As the leaves turn to rust, and the autumn sun burnishes everything
it touches with gold, suddenly we are filled with a beautiful
sense of completion. While the burning heat of summer sun is
at an end, still the days are infused with a gentle warmth, which
seems to nurture every part of us. Autumn is a golden time indeed.
Sometimes we find ourselves wishing, if only every moment were
like this, how much easier life would be.
If we cling to this thought, rather than immersing ourselves
in the beauty of the moment, then we are likely to become melancholy
- to resist the onset of winter - the time of darkness.
Many of us dislike the cold and dark of winter, because it nudges
us into retreat.
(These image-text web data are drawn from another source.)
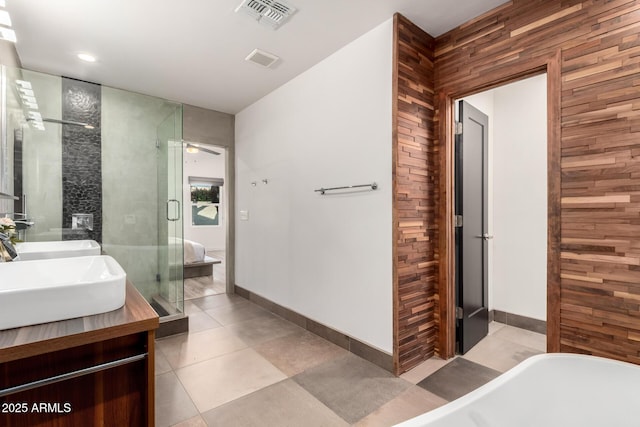 bathroom featuring visible vents, a freestanding tub, wooden walls, and vanity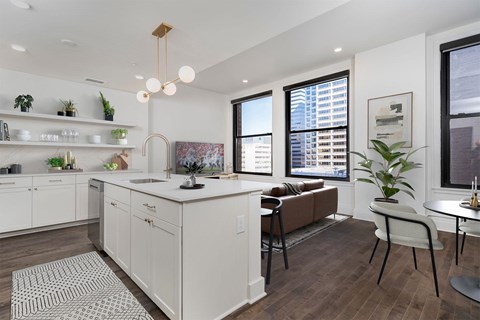 A modern kitchen with white cabinets and a brown countertop.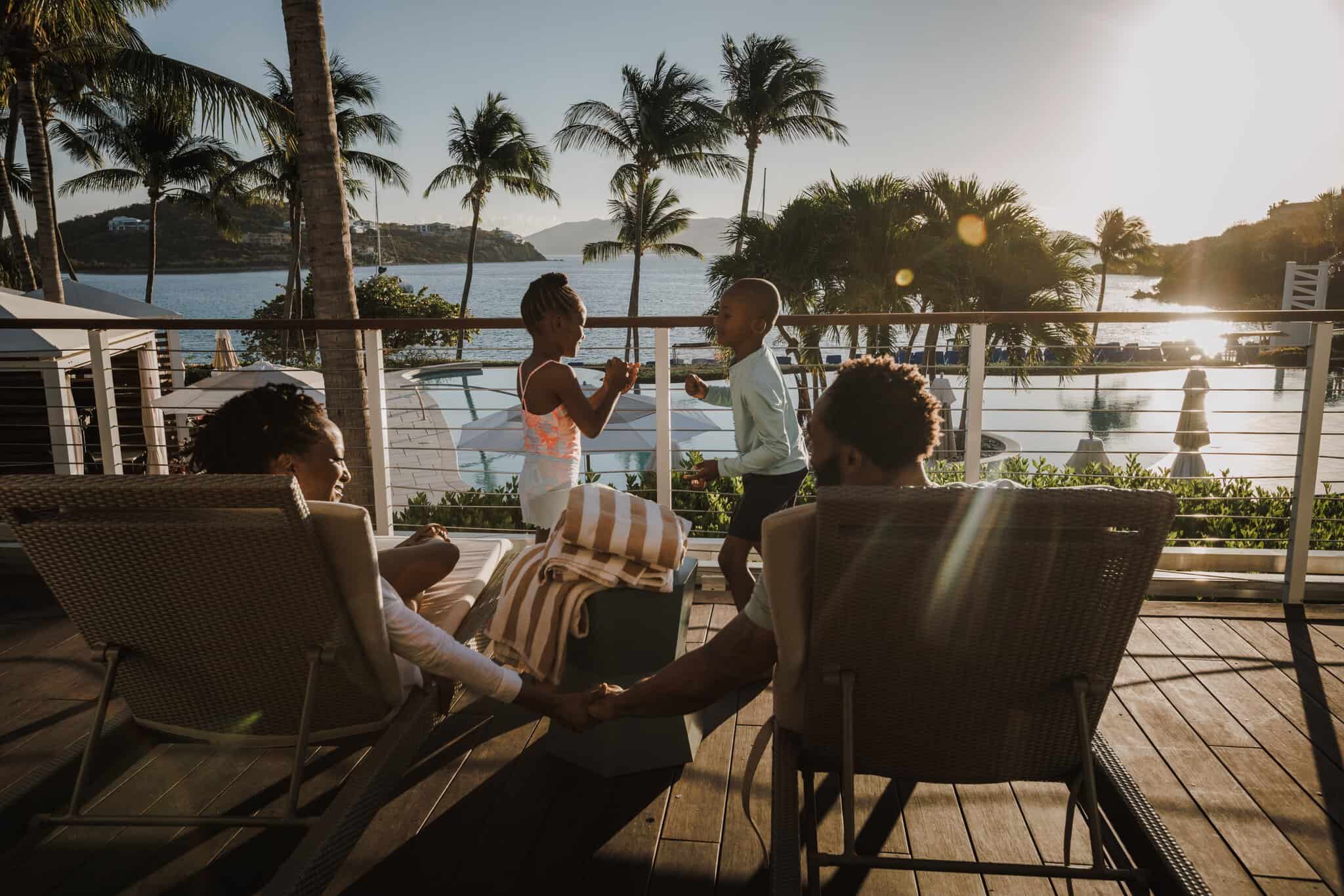 Two adults relax on lounge chairs while two children stand nearby on a deck at The Ritz-Carlton, St. Thomas overlooking palm trees, water, and a sunset.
For many the very thought of winter makes them
feel sad, resistant, because it echoes those times in our lives
that do feel dark, lonely and inhospitable. As the trees lose
their leaves, often we are overcome with a tangible sense of
loss, as our world starts to feel stark and bare. Nature does
not experience winter in this way. The trees willingly shed
their leaves, because their leaves fertilise the ground in preparation
for the burgeoning of Spring, and we are asked to do the same.
So, as the days continue to shorten, what aspects of our life
is it time to let go of, in preparation for our Spring? The more
we can shed, the more we make room for all those possibilities
that await us. Then it is we can enter more profoundly into the
many blessings winter brings.
In the Celtic year winter was the time of the cave - the rich
time of dreaming. And, as we retreat with the cold, this too
can be our time for the birthing of new dreams. Once we understand
this, then our wintertime, physically and metaphorically, can
become one of the richest times in our lives.
Those who are open to all that winter offers, who take time
out to replenish, to be, will have the strength and resources
to embrace all the excitement Spring can bring. So why not start
to plan your own wombtime - it won't let you down.